Finding attractive, inviting ways to sort, organize, and display art materials encourages children’s participation, creativity, and autonomy in the Art area. Here are some fun ideas from The Creative Curriculum for displaying and sorting art materials:
Egg cartons with the top taped to the bottom can be used to hold scissors.
Ice cream containers, washed and dried, make good paper holders. They also can be used to store collage materials. Several containers stapled or bolted together can house a variety of small art items.
Six-pack cardboard beverage containers can be made into paint caddies. Place a clean frozen juice can lined with contact paper in each of the six slots or use clear squeeze bottles so children can see the paint color inside. Children can pick up a caddy and a brush, an advantage when easels don’t have a paint drawer attached or when a wall easel is in use.
Airtight containers can hold clay, molding dough, and other doughs. Use either plastic containers with a tight-fitting lid or metal containers with a plastic liner.

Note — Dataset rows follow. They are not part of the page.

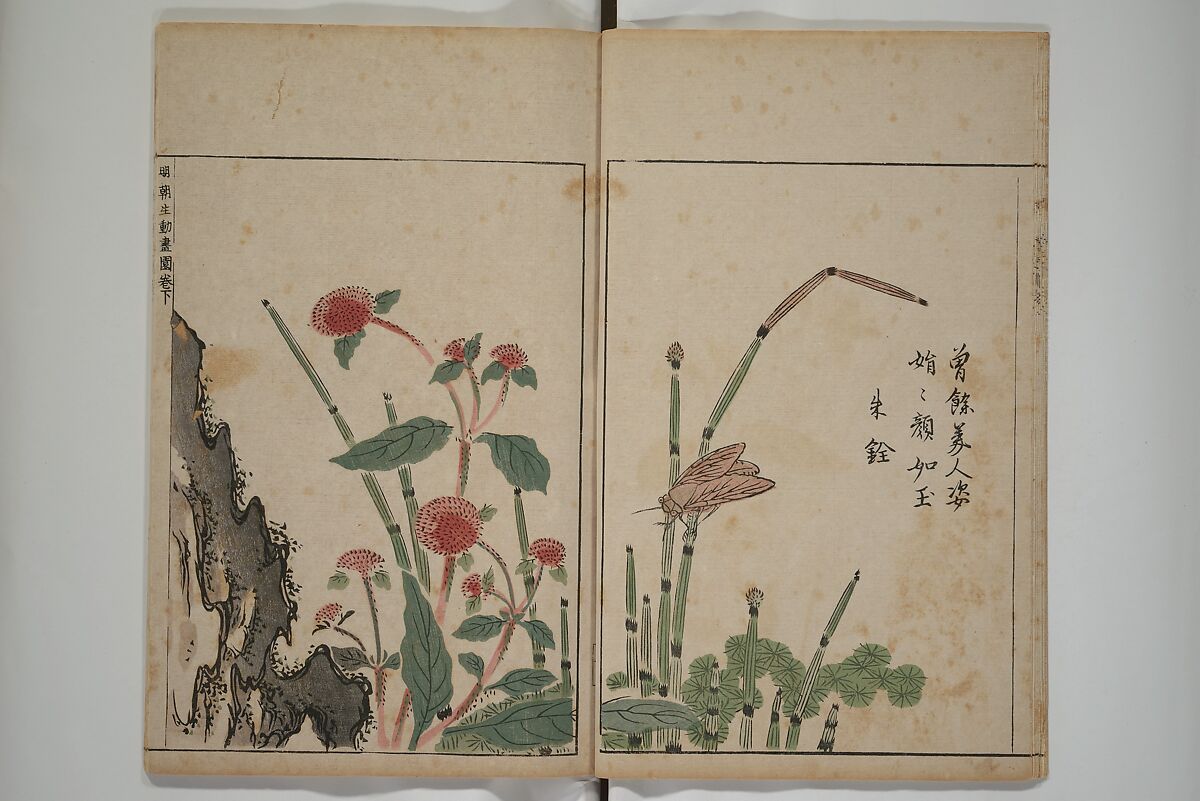 A Collection of Lively Sketches [Of Flowers and Insects] of the Ming Dynasty (Minchō shiken) 明朝紫硯, Ooka Shunboku 大岡春卜 (1680–1763), Set of three woodblock printed books; ink and color on paper, Japan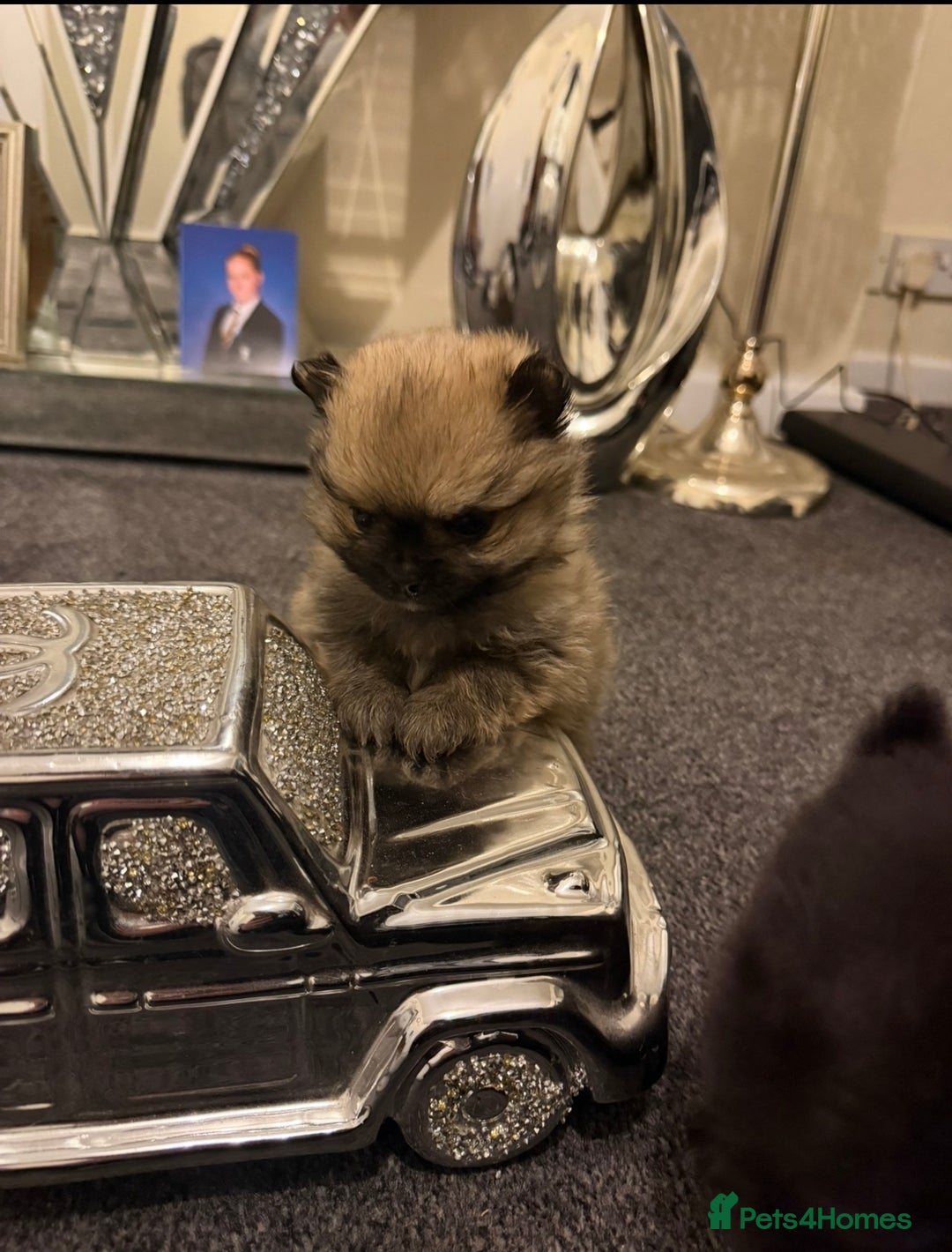 Pomchi dogs for sale: 3 beautiful pomchi - Advert 1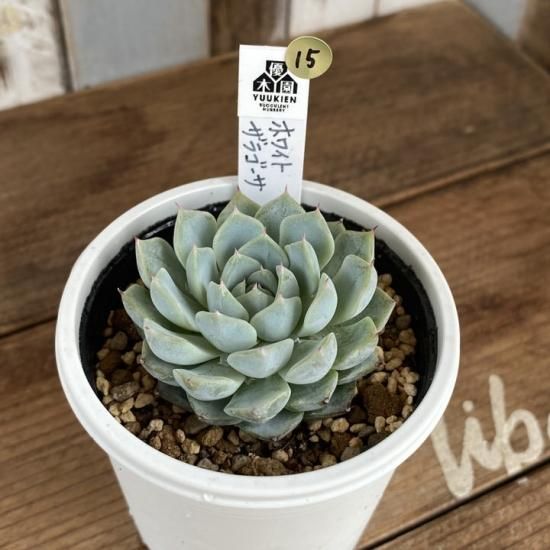 多肉植物　エケベリア　45.ホワイトザラゴーサ×コロラータタパル 多肉植物 エケベリア 45.ホワイトザラゴーサ×コロラータタパル 494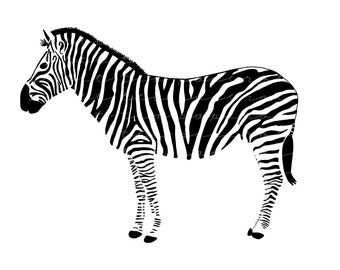 Zebra Clip Art | Etsy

Empty yogurt containers with plastic lids make good glue or paste containers, as do squeeze bottles like those for ketchup or mustard. It is a good idea to have enough glue and paste containers so that each child in the Art area can have one to himself.
Yarn, ribbon, or twine dispensers can be made from a cardboard box with corrugated cardboard dividers. The divided areas make convenient spaces for individual balls of yarn, ribbon, or string, and prevent tangling. Punch a hole in the top of the box over each space and draw strands through the holes.
A pegboard with hooks can be used to hang smocks or woodworking tools. Shadows of objects can be cut out of colored adhesive paper to show children where tools should be returned.
Now that the first few months of the school year have passed, take a look at your Art area and see if there are any changes you’d like to make to the setup and display of materials.